*Provided entries:*
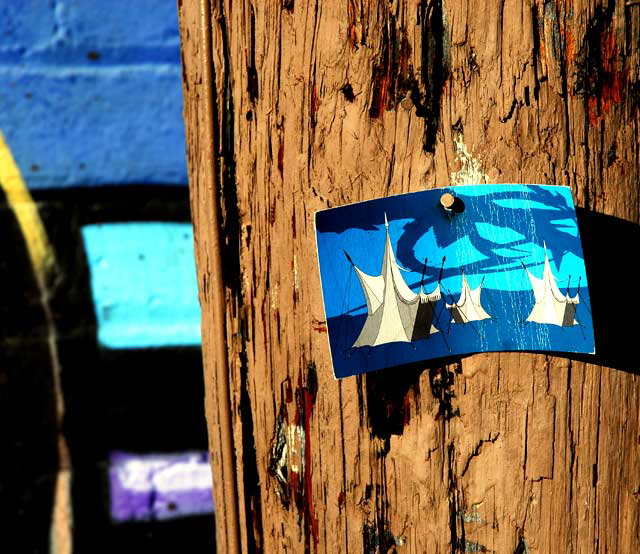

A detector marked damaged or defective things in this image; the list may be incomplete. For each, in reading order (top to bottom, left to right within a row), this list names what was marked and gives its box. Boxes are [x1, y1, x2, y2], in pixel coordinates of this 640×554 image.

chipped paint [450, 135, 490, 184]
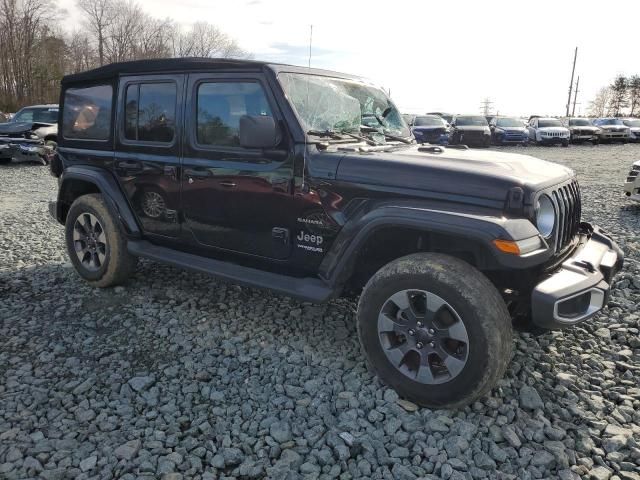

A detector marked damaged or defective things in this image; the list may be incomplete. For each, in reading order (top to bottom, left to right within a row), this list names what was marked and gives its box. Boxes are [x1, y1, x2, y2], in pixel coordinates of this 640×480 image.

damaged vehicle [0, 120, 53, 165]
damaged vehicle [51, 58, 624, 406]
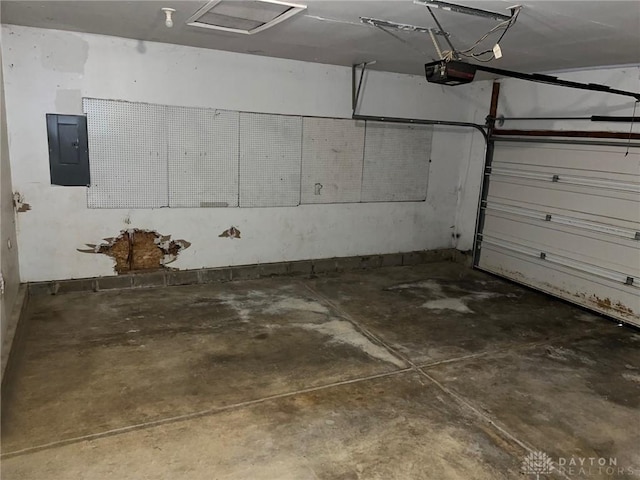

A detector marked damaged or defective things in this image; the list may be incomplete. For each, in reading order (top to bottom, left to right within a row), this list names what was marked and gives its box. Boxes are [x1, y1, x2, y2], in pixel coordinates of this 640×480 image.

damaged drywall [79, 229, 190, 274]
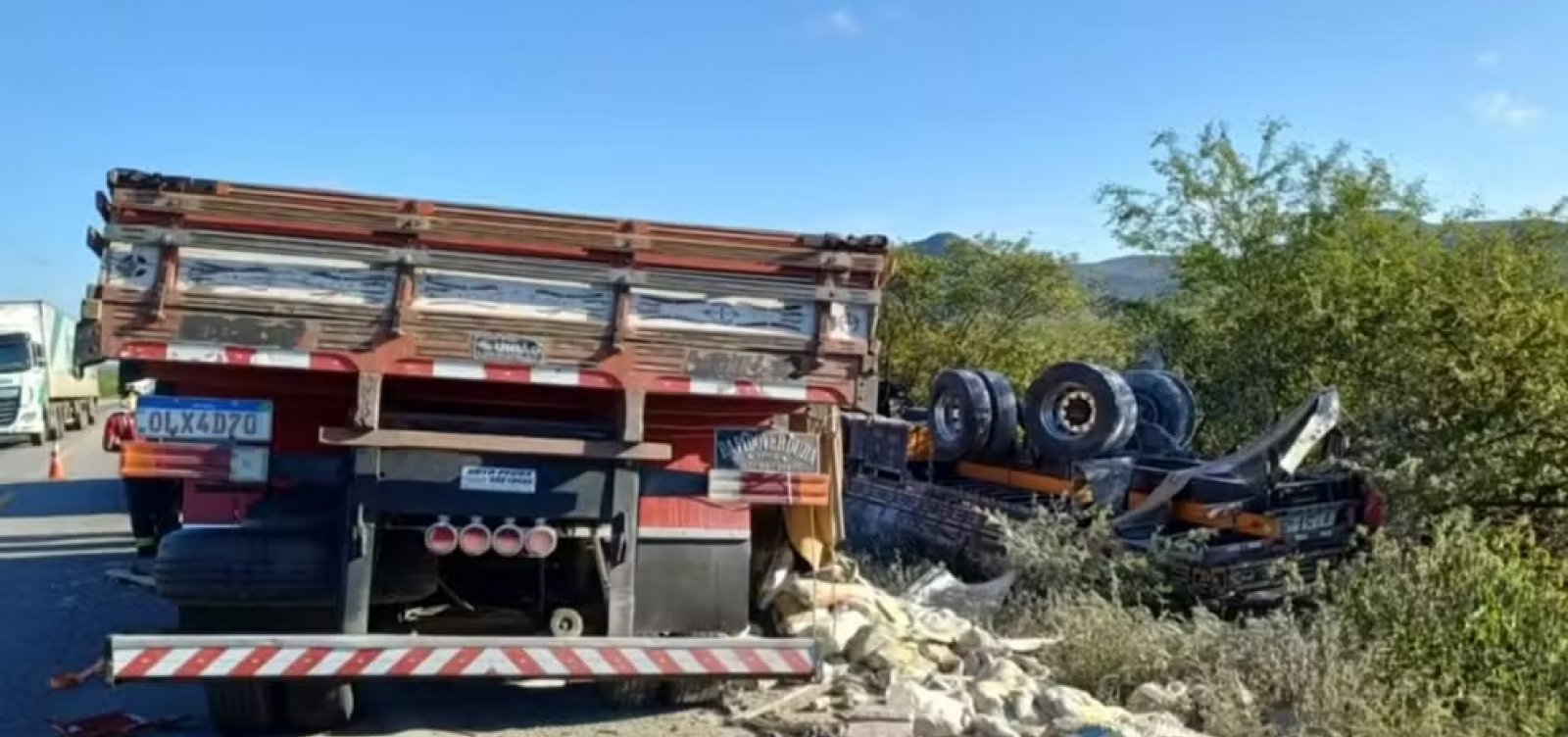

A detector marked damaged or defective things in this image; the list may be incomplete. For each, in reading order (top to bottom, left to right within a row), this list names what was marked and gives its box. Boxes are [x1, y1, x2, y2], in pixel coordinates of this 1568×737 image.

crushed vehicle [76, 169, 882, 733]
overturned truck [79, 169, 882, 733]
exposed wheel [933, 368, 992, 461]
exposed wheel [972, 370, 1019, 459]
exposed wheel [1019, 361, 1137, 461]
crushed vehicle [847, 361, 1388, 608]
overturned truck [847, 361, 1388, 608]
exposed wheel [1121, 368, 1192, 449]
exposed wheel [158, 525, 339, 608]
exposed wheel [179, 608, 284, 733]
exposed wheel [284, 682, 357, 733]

*Work to complete:*
Leave out the pictures, then copy all the remaining text in the records exactly.

*Exercise response:*
A detector marked damaged or defective things in this image; the list may be incomplete. For each, in reading order (top to bottom, left to right within a row), this list names what was marked and gives its box. Boxes are [x1, y1, x2, y2], in pixel coordinates of this 640×554 image.

chipped paint [450, 135, 490, 184]

A detector marked damaged or defective things in this image; the list may be incomplete. For each, in reading order (top to bottom, left to right within a row), this list names what was marked and gives its box. Boxes are [x1, y1, x2, y2], in pixel coordinates of this 640×480 image.

damaged vehicle [0, 120, 53, 165]
damaged vehicle [51, 58, 624, 406]

A detector marked damaged or defective things in this image; the list may be incomplete. For each, in reading order (top to bottom, left to right within a row), this list names what was marked and gives its box. Boxes are [x1, y1, x2, y2], in pixel coordinates of this 640×480 image.

damaged drywall [79, 229, 190, 274]

A detector marked damaged or defective things in this image; the list may be incomplete. For each, in reading order (top to bottom, left to right within a row), this list names what was marked and gives its box. Boxes are [x1, y1, x2, y2], in pixel coordinates of this 1568×737 image.

crushed vehicle [76, 169, 882, 733]
overturned truck [79, 169, 882, 733]
exposed wheel [933, 368, 992, 461]
exposed wheel [972, 370, 1019, 459]
exposed wheel [1019, 361, 1137, 461]
crushed vehicle [847, 361, 1388, 608]
overturned truck [847, 361, 1388, 608]
exposed wheel [1121, 368, 1192, 449]
exposed wheel [158, 525, 339, 608]
exposed wheel [179, 608, 284, 733]
exposed wheel [284, 682, 357, 733]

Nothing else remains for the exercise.